I preface this to say we made it back safely. Also to warn you that this is a long read. Then also to say that history is complicated and sometimes offers no life lessons. Life is not always an Aesop’s fable! (Well, what is it then?) Yesterday, it was an (euphemistically) eventful drive home.

First, I hit a giant pothole and blew out a tire.

//

No wait, let me back up. First, we woke up before dawn (this happens without an alarm here, for me, if not for E) to walk along the beach during and after sunrise.
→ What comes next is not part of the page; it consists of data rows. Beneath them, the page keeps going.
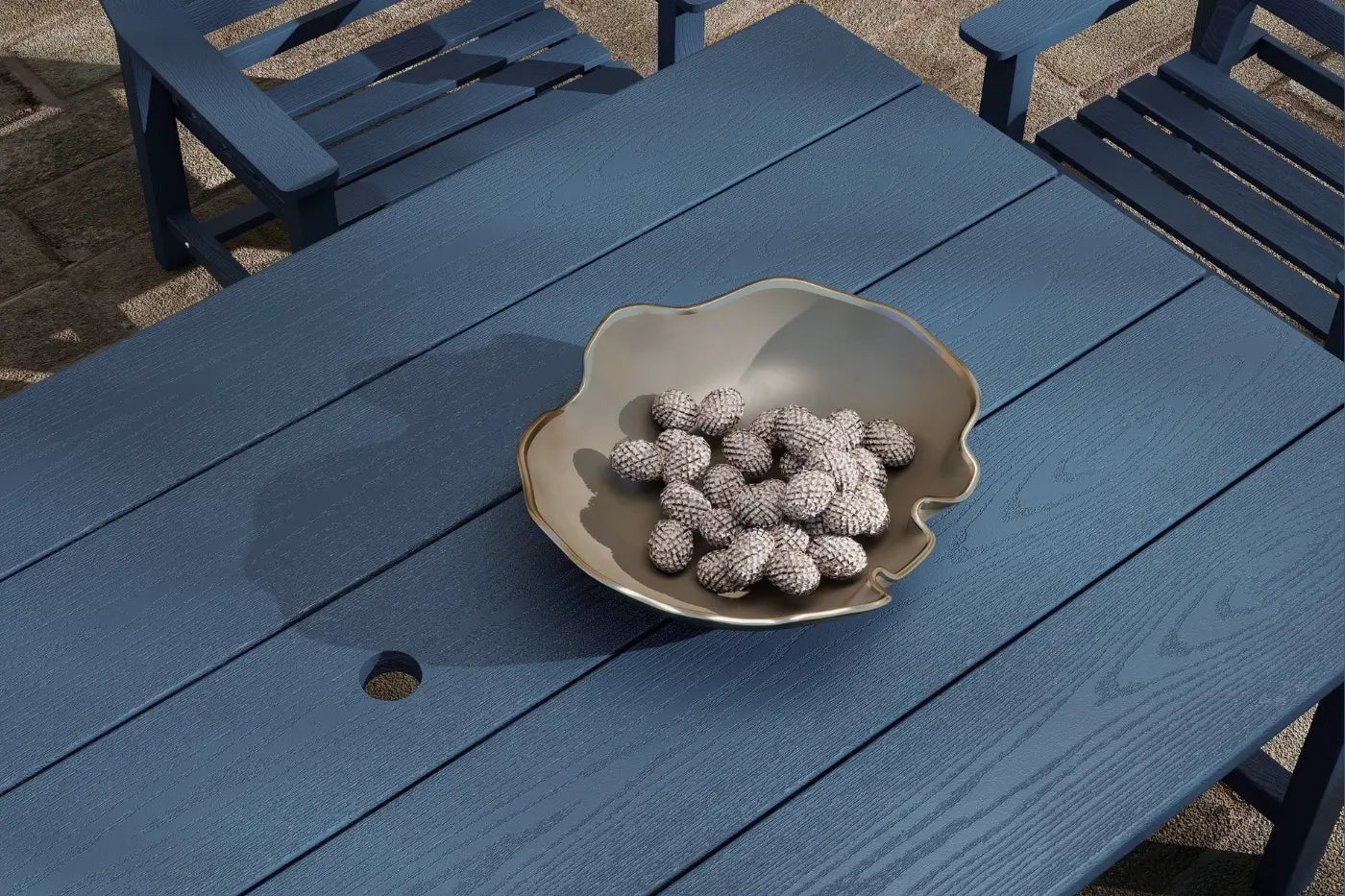 HDPE Outdoor Dining Set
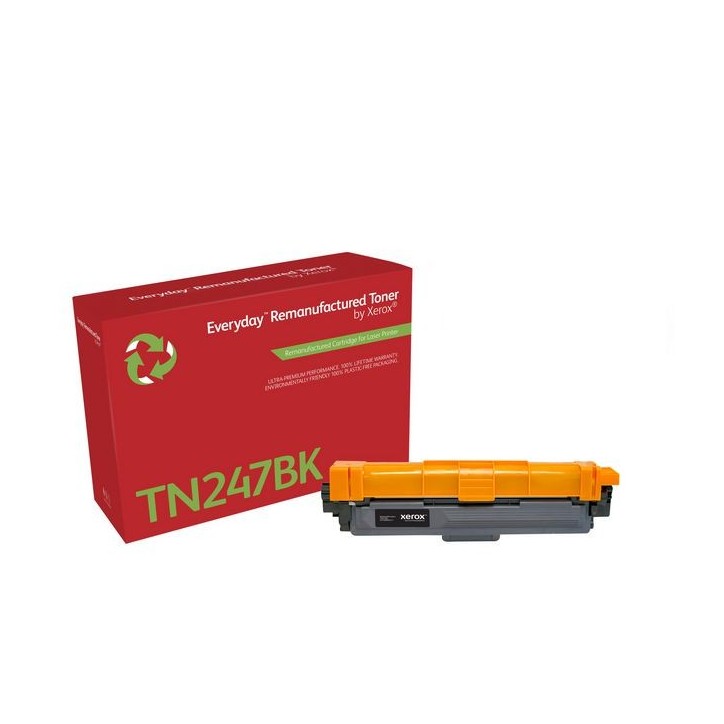 006R04517 Xerox Ay Remanufactured Everyday Black Remanufactured Toner By Xerox Replaces Brother Tn247Bk, High Capacity 006R04517 Xerox Ay Remanufactured Everyday Black Remanufactured Toner By Xerox Replaces Brother Tn247Bk, High Capacity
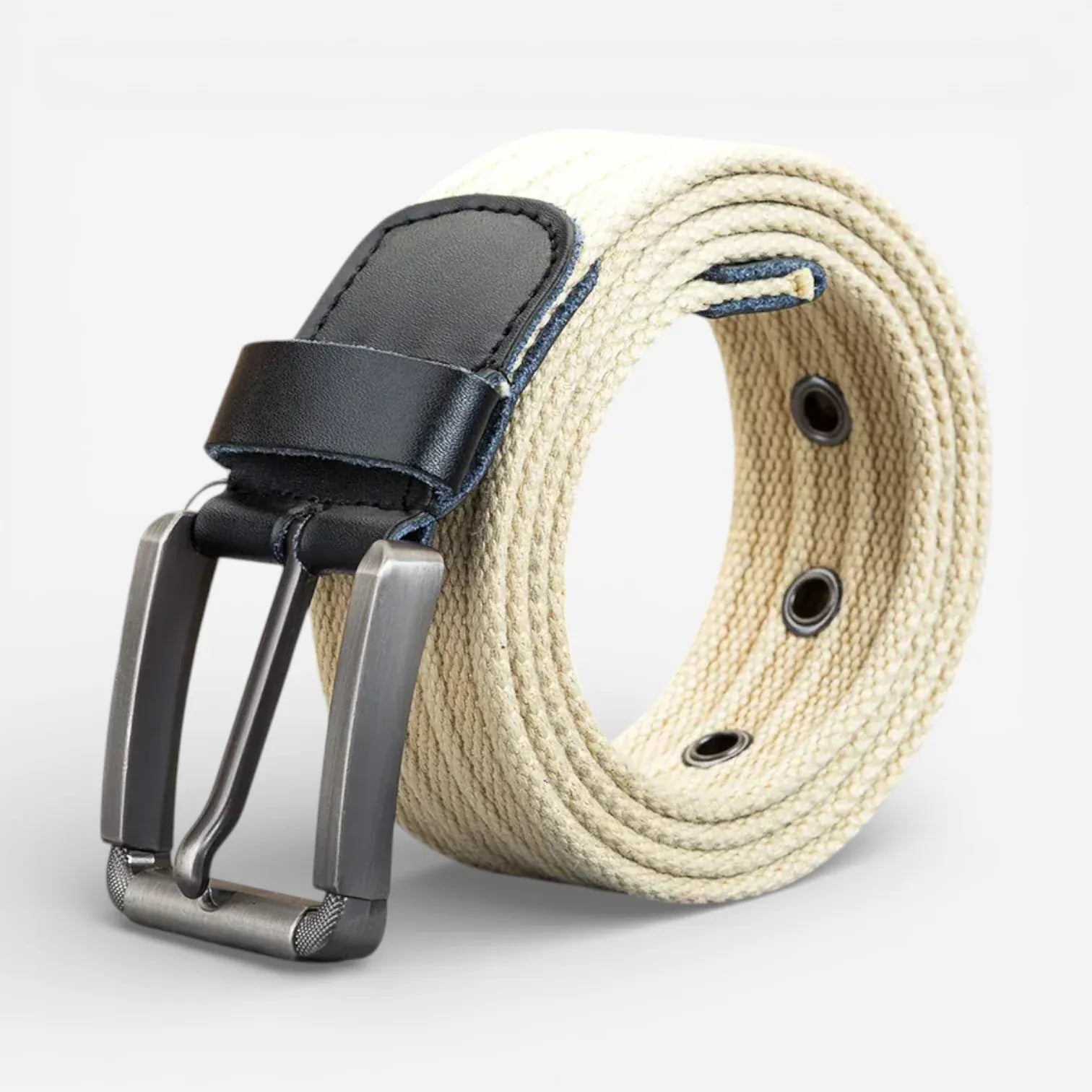 Maison de la Ceinture Beige / 110cm Ceinture homme toile – Lornak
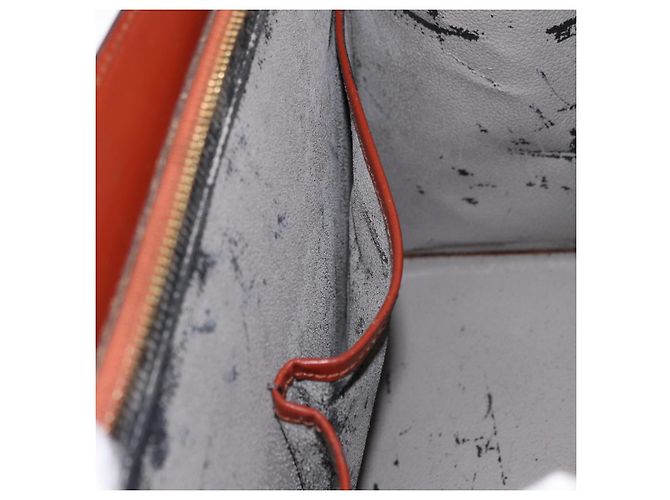 LOUIS VUITTON Borsa a Mano Epi Riviera Marrone M48183 LV Auth 157305 - vista 11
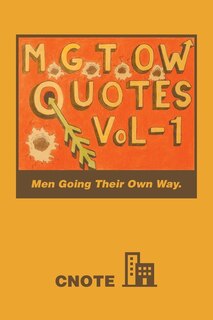Couverture_Mgtow Quotes Vol-1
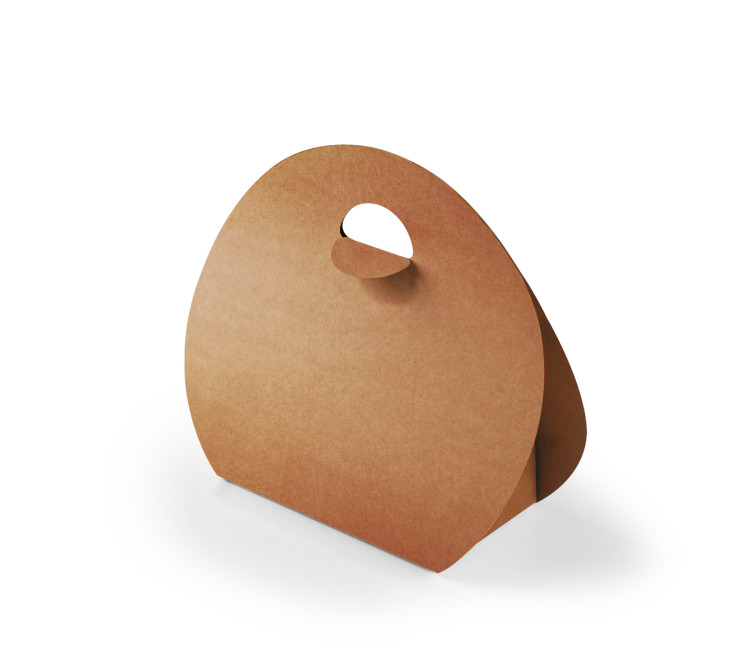 Papptasche Mit Griff | SelfPackaging.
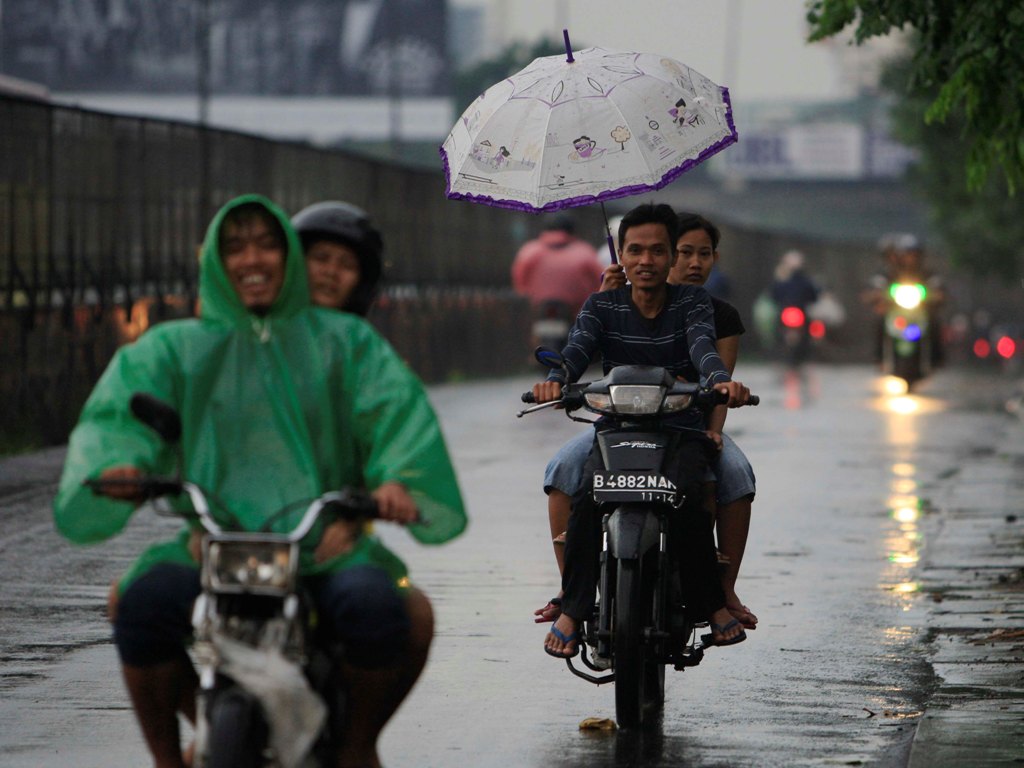 Awal Ramadan, Jakarta Berpotensi Diguyur Hujan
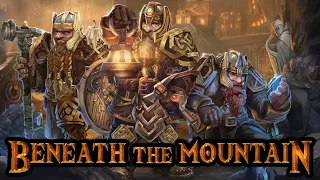 A Dwarf Stronghold Doomed Strategy Holdout Against Endless Orcs  - Beneath the Mountain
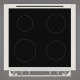 Fulgor Milano FSRC 3004 P MI ED 2F X fornuis inductie - 76,2 cm. breed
(What follows is a sneaky-peeky “behind the scenes” of the blog, and I will share things I typically would not make explicit. These are things anbody should be able to gather from following my blog, I guess. Here is a rule I find myself trying to follow, although I’m not sure it makes sense, of not writing things out if they can be easily inferred. Or mis-inferred, in ways that are interesting or useful, to me. From my perspective, this is just good editing. The problem is, it seems a perpetual project every time. My chiselling process somehow follows its own rule. The longer I “sit in front of” a piece of my writing, the more likely it ends up in metered verse. I’m not making that up. I’m in fact resisting it, now.

So forgive me if the following seems pretty obvious. If not now, it will be soon. And I’ll forgive you, as well.)

You see, I have a “beach habit”, I guess you could call it, of taking pictures with the phone. It’s a little obsessive. Every time the light or the clouds or the water or the earth changes, at the beach, I feel quite compelled to take pictures of it. “I feel like Allah is giving these gifts, and I have no choice but to pick them up,” is how I said it to my husband. “Just dropping them down, and what can you do? You have no choice.” (Incidentally, this is the kind of talk that puts him in a husbandly way. That is, speaking in euphemisms. Happy V-day again!) And it feels like meditating, in the sense that, to let myself take those pictures is to let myself be absorbed in this near-“steady state” of constant wonder at the apparent world.

(I assume this is a commonly-experienced thing. On the other hand, that assumption seems somewhat tyrannical of me. Everybody’s different, if not unique. Who I am to say?)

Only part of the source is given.